_Source records_
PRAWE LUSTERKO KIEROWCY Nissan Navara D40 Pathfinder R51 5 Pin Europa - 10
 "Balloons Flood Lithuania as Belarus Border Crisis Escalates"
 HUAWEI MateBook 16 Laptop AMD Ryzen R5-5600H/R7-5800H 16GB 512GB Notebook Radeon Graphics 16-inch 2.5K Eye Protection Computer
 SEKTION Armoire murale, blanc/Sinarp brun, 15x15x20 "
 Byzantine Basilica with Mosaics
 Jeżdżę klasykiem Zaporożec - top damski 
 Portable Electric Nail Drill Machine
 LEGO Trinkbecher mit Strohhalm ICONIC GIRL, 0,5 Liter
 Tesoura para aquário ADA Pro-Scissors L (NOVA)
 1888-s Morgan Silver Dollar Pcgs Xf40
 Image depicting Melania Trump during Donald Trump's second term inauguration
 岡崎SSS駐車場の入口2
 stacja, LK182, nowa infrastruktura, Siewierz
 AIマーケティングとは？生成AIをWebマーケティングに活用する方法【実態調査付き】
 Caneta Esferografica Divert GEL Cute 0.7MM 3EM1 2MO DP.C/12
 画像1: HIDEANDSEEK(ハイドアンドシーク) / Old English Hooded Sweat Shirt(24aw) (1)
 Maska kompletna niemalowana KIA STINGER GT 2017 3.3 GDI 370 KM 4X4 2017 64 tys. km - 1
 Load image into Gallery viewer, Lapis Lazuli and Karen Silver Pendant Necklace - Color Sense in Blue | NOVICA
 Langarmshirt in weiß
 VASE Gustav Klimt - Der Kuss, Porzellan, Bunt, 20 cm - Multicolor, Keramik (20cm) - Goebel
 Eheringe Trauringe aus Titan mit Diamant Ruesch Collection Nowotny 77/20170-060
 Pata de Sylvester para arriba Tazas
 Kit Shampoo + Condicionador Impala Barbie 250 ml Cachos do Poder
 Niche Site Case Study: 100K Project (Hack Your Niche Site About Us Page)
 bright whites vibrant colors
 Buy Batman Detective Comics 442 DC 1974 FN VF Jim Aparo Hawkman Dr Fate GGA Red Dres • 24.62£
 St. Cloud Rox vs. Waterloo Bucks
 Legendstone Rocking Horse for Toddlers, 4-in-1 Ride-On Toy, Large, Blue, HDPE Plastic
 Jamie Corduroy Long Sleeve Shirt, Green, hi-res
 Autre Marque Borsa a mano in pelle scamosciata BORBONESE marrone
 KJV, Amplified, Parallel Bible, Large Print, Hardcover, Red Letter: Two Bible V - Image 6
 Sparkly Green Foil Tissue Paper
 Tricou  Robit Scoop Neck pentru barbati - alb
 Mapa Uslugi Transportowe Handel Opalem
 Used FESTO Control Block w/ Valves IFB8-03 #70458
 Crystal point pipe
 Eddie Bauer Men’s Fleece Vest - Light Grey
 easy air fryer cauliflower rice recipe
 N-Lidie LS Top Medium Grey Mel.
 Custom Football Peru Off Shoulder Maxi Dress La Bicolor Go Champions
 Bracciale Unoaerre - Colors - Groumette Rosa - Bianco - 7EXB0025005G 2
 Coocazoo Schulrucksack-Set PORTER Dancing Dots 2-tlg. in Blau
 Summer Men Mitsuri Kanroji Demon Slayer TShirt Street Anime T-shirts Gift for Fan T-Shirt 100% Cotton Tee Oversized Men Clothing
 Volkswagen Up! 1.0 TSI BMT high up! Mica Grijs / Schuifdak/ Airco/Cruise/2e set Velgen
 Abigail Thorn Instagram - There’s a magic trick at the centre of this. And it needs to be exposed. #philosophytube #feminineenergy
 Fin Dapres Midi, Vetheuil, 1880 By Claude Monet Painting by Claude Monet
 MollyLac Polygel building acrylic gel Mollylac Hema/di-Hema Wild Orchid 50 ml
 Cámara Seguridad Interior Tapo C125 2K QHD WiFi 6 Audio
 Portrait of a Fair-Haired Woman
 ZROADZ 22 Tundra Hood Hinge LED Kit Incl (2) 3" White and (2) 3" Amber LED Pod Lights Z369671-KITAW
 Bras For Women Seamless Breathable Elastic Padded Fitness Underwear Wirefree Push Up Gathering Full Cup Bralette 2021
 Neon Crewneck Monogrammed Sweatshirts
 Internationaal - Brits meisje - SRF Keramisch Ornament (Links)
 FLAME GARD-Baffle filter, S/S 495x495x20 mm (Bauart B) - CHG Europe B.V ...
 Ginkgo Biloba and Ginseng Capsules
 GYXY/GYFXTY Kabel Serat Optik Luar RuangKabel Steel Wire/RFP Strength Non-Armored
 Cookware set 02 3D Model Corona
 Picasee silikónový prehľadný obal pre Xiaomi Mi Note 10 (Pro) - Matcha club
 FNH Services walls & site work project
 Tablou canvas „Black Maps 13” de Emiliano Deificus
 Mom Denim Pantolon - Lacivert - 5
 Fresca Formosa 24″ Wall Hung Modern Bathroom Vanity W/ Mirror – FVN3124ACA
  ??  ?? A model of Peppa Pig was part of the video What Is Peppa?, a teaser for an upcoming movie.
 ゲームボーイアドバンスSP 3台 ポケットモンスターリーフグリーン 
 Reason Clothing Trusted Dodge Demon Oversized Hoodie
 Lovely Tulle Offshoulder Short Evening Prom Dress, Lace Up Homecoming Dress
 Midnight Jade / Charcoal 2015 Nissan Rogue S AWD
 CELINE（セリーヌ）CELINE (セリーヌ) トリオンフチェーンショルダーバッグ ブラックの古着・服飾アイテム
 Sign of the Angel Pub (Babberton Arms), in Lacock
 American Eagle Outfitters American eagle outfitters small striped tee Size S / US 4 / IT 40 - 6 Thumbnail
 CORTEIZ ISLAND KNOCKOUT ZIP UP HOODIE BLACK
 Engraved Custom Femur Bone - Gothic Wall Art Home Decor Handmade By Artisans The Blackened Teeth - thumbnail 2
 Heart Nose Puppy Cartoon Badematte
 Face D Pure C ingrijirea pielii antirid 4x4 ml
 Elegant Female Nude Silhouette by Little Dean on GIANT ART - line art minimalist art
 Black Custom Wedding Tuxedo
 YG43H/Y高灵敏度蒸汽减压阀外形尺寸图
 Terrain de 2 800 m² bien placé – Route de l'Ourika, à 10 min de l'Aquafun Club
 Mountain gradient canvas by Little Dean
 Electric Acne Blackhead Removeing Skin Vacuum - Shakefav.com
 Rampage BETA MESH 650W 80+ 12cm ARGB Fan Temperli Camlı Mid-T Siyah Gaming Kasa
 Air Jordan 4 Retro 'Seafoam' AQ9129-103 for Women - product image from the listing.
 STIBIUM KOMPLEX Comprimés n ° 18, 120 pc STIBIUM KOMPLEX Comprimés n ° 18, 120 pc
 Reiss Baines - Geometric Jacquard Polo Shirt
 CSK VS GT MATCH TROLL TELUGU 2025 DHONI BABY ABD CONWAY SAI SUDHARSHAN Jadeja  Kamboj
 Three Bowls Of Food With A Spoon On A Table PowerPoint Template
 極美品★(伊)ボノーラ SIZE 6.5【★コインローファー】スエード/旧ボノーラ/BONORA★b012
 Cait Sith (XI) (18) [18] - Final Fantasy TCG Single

_Problem description_
From the records above, copy out the line with "Image depicting Melania", the line with "Caneta Esferografica Divert", and every line between them, word for word.

_Response_
 Image depicting Melania Trump during Donald Trump's second term inauguration
 岡崎SSS駐車場の入口2
 stacja, LK182, nowa infrastruktura, Siewierz
 AIマーケティングとは？生成AIをWebマーケティングに活用する方法【実態調査付き】
 Caneta Esferografica Divert GEL Cute 0.7MM 3EM1 2MO DP.C/12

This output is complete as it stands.